I have performed many various woodworking projects and the old fashioned way. It is a pain in the......... Before I drop down some change on these advanced Kreg woodworking systems and equipment. I would like to get suggestions from Kreg personnel and private end users regarding what can you get for what $change$ and what would be the suggested shop layout. I know that all of this depends on what an individual's woodworking intentions are. Keeping this generic and not geared to my particular woodworking intentions and skill level; this thread may help others in thier purchasing of Kreg products. Below are some of my thoughts regarding the different woodworking system levels.

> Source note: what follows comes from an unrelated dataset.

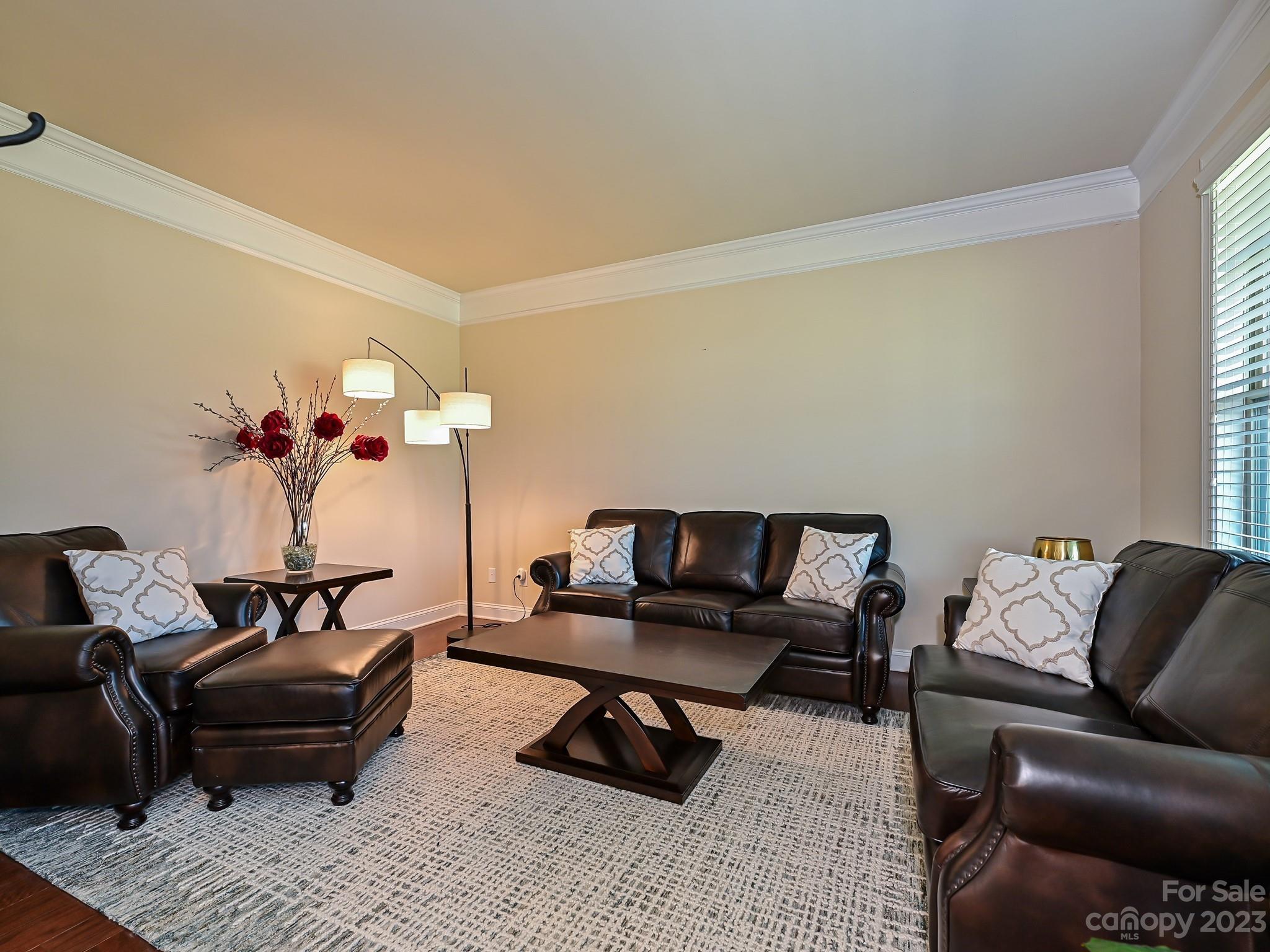1012 Thorndale Road Indian Trail, NC 28079 - Photo 7 of 36 a living room with furniture and flowers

Beginner: <$100 Kreg equipment investment
1) conduct activities in garage or on a basic portable table
2) make repairs, build real basic stuff using typical other hand tooling

Beginner Plus: <$200 Kreg equipment investment
1) conduct activities in garage on vairous sized tables using typical shop tooling or on a basic portable table(s); minimal space and storage requirements
2) make repairs, build more sophisticated plans using common power tools

Intermidiate: <$500 Kreg equipment investment
1) conduct activities in dedicated shop workspace on vairous sized specialty tables using typical shop tooling : including but not limited to: typical table saw, typical miter saw
2) make repairs, build more sophisticated plans some Kreg tabletop equipment

Intermidiate Plus: <$1000 Kreg equipment investment
1) conduct activities in dedicated shop workspace on vairous Kreg recommended 4' x8' specialty tables (Probably built with Kreg 's suggested plans for shop tables and using Kreg tooling and hardware: including but not limited to: table saw, miter saw, router table -some of these dedicated Kreg equipment)
2) capable of occastional light commercial production; build more sophisticated plans (fancy hardwood kitchen cabinets with hardware, closet systems, etc.) using some Kreg storebought and stand alone equipment

Advanced: <$? How much change does the part time, weekender woodworker, hobby builder need to spend to be able to product just about anything? What investment does it really take to build nice kitchen cabinets for yourself and your friends and maybe for occasional retail customers? Bear in mind this is not going to the commercial level or with maybe with only 1 piece of Kreg commercial jig equipment (which piece?). What is the perfect shop layout? How much floorspace do you need? Where should the equipment be ideally placed on the shop floor? Kreg equipment investment profile?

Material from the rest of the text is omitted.